Andi Tenri Gusti Hanum Utari Natassa (born 11 August 1992) is an Indonesian-Dutch politician that serve as Indonesia People's Representative Council for South Sulawesi province since 2013 under Indonesian Unity Party, she is also works as a model, actress and TV presenter, who won the title of Puteri Indonesia Pariwisata 2011. She represented Indonesia at the Miss Asia Pacific World 2012 pageant in Seoul, South Korea, where she placed in the Top 15 and also won Best National Costume.

Early life and education
Natassa was born in Makassar, South Sulawesi, from a Dutch father, Andi Thaupan Oddang and Bugis mother, Dewie Yasmin Limpo Aryaliniza.
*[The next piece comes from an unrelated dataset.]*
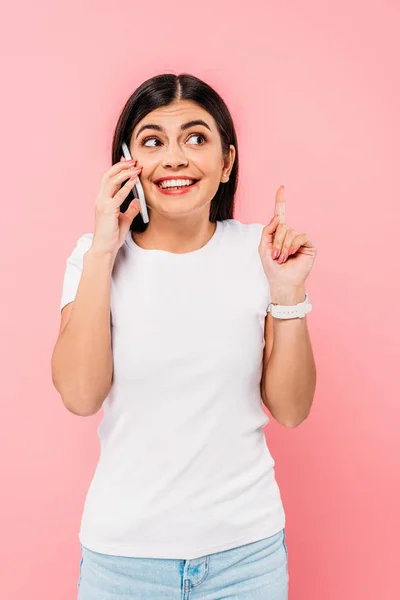 Lächelndes hübsches brünettes Mädchen, das auf dem Smartphone spricht und Ideengeste zeigt, isoliert auf rosa — Stockfoto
She holds her Master of Business Administration from Faculty of Business of Swiss German University, Alam Sutera, Tangerang – Banten and South Westphalia University of Applied Sciences, North Rhine-Westphalia, Germany. On 2020, She is married with Indonesian National Police, Irwan Anwar.

Pageantry

Puteri Indonesia 2011
Natassa representing South Sulawesi on Puteri Indonesia 2011, where she was crowned as Puteri Indonesia Pariwisata 2011 at the grand finale held in Jakarta Convention Center, Jakarta, Indonesia on October 7, 2011, by the outgoing titleholder of Puteri Indonesia Pariwisata 2010, Alessandra Khadijah Usman of Gorontalo. She is also won Miss Favorite and Miss Talent awards.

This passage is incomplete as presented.